→ TASK INSTRUCTIONS
Each entry below should be printed exactly, with every image left out.

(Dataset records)
+---+

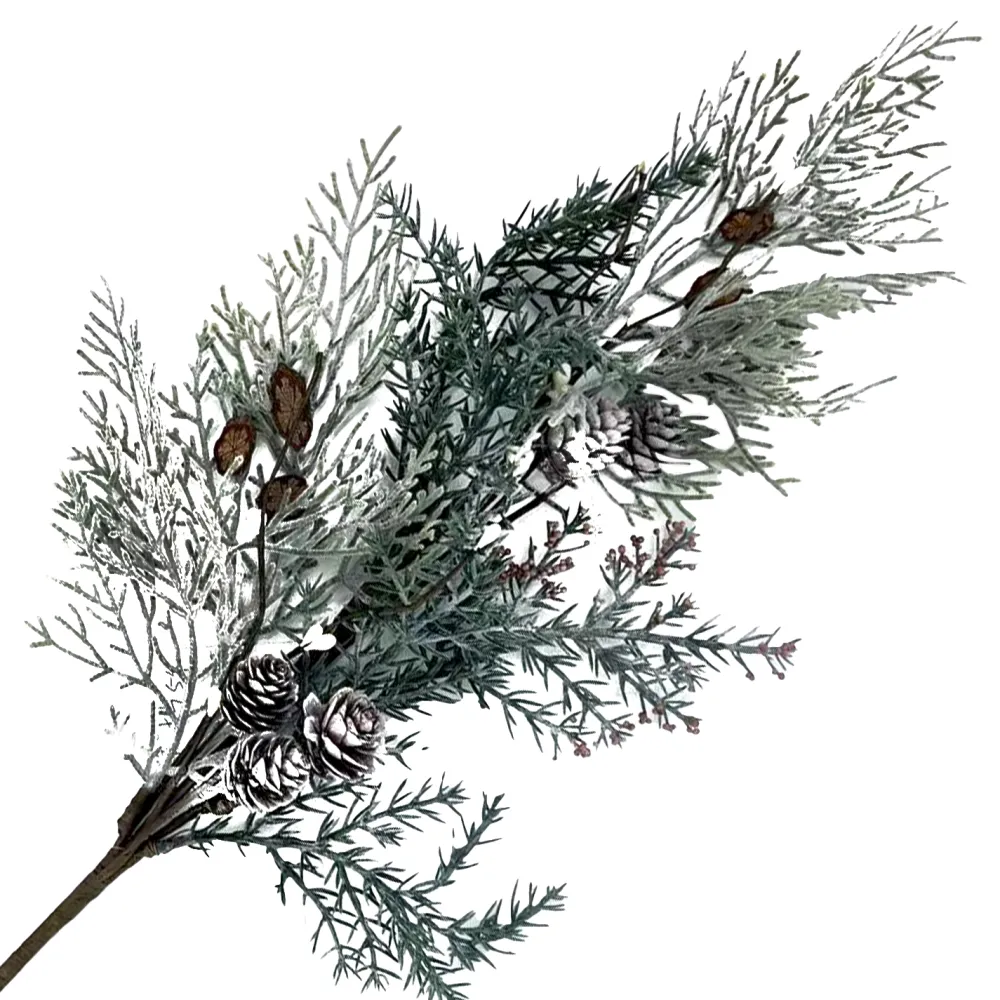 Hot Christmas Forever SPRAY CEDAR FROSTED 31.5: MIXED PINE/ PINE CONES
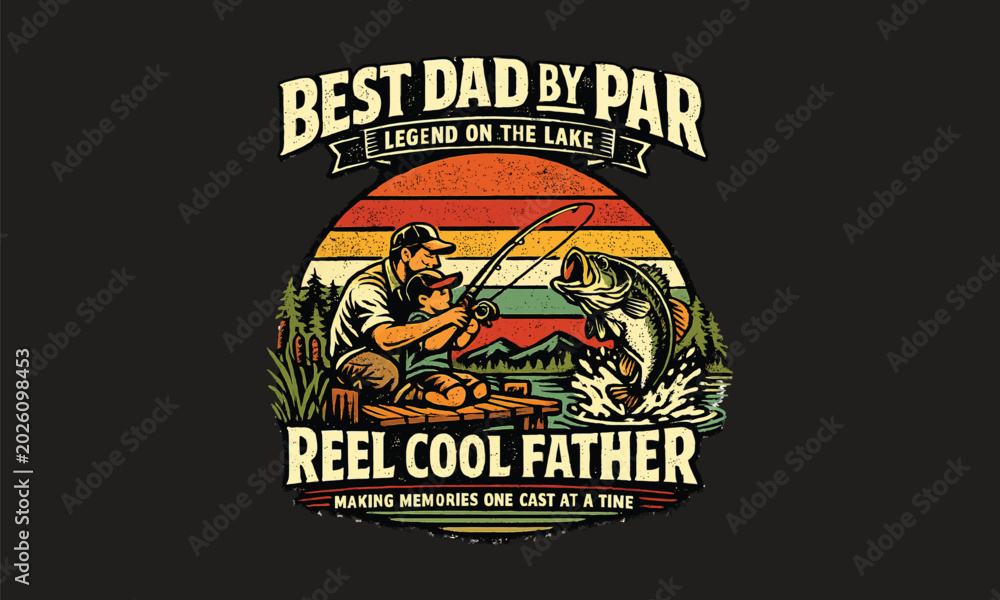 Fototapeta premium Vintage Father's Day badge with retro fishing scene and trophy illustration on dark grunge background
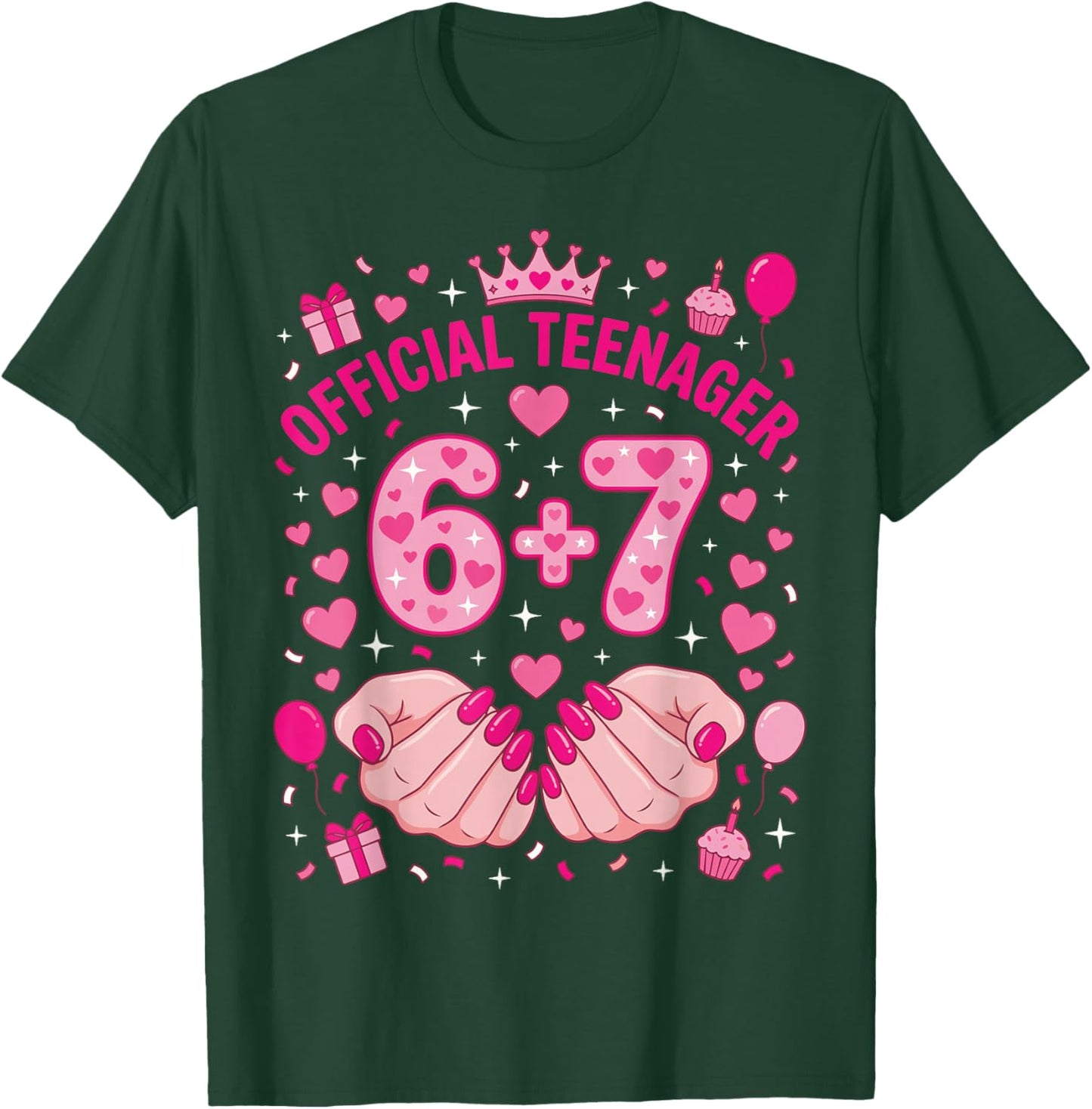 6+7 Year Old Girls Teenager Nails 13th Birthday 67 T-Shirt - T-Shirt | Forest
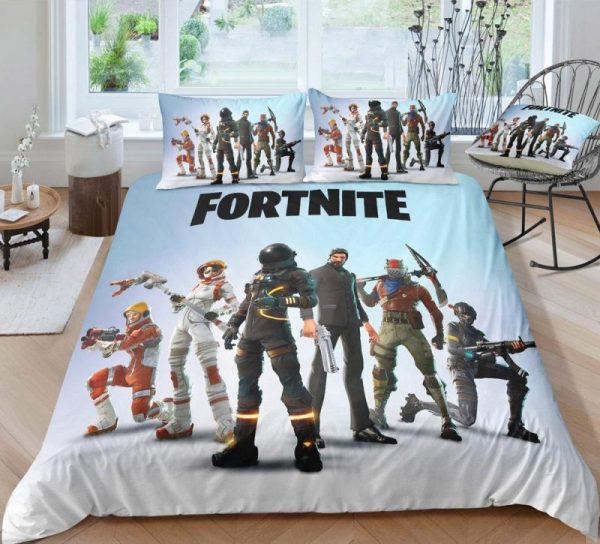 Sky Fortnite Gamer Duvet Cover and Pillowcase Set Bedding Set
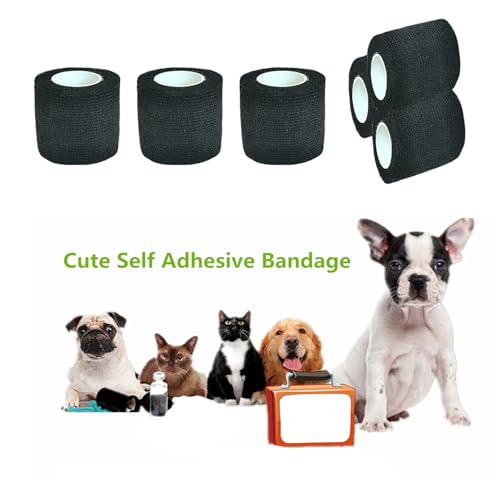 6 Pack 2 Inch Self Adhesive Cohesive Bandage Wrap - Black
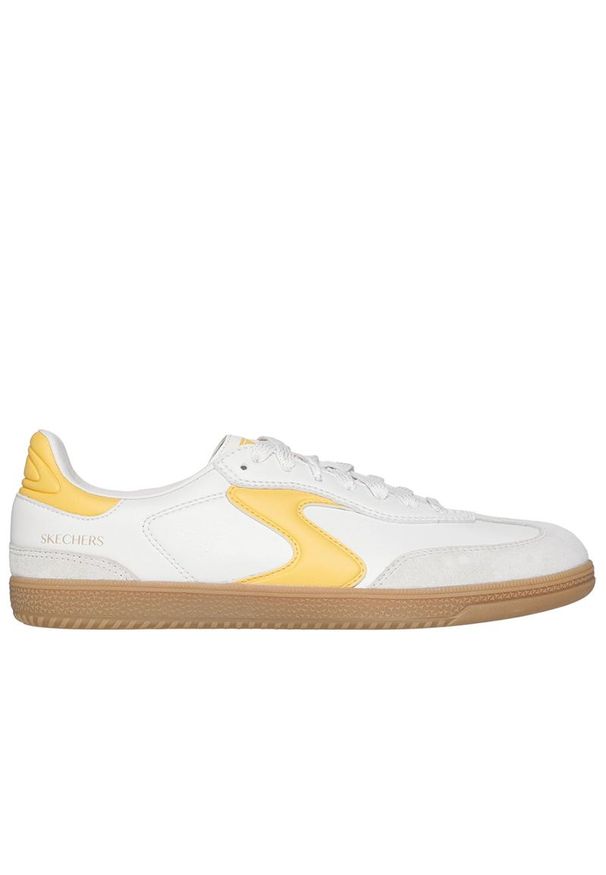 skechers - Buty damskie Skechers Hotshot Kickoff 185232WYL - białe. Zapięcie: sznurówki. Kolor: biały. Materiał: guma, skóra, zamsz. Szerokość cholewki: normalna. Model: Skechers Sport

+---+

→ THE ANSWER
 Hot Christmas Forever SPRAY CEDAR FROSTED 31.5: MIXED PINE/ PINE CONES
 Fototapeta premium Vintage Father's Day badge with retro fishing scene and trophy illustration on dark grunge background
 6+7 Year Old Girls Teenager Nails 13th Birthday 67 T-Shirt - T-Shirt | Forest
 Sky Fortnite Gamer Duvet Cover and Pillowcase Set Bedding Set
 6 Pack 2 Inch Self Adhesive Cohesive Bandage Wrap - Black
 skechers - Buty damskie Skechers Hotshot Kickoff 185232WYL - białe. Zapięcie: sznurówki. Kolor: biały. Materiał: guma, skóra, zamsz. Szerokość cholewki: normalna. Model: Skechers Sport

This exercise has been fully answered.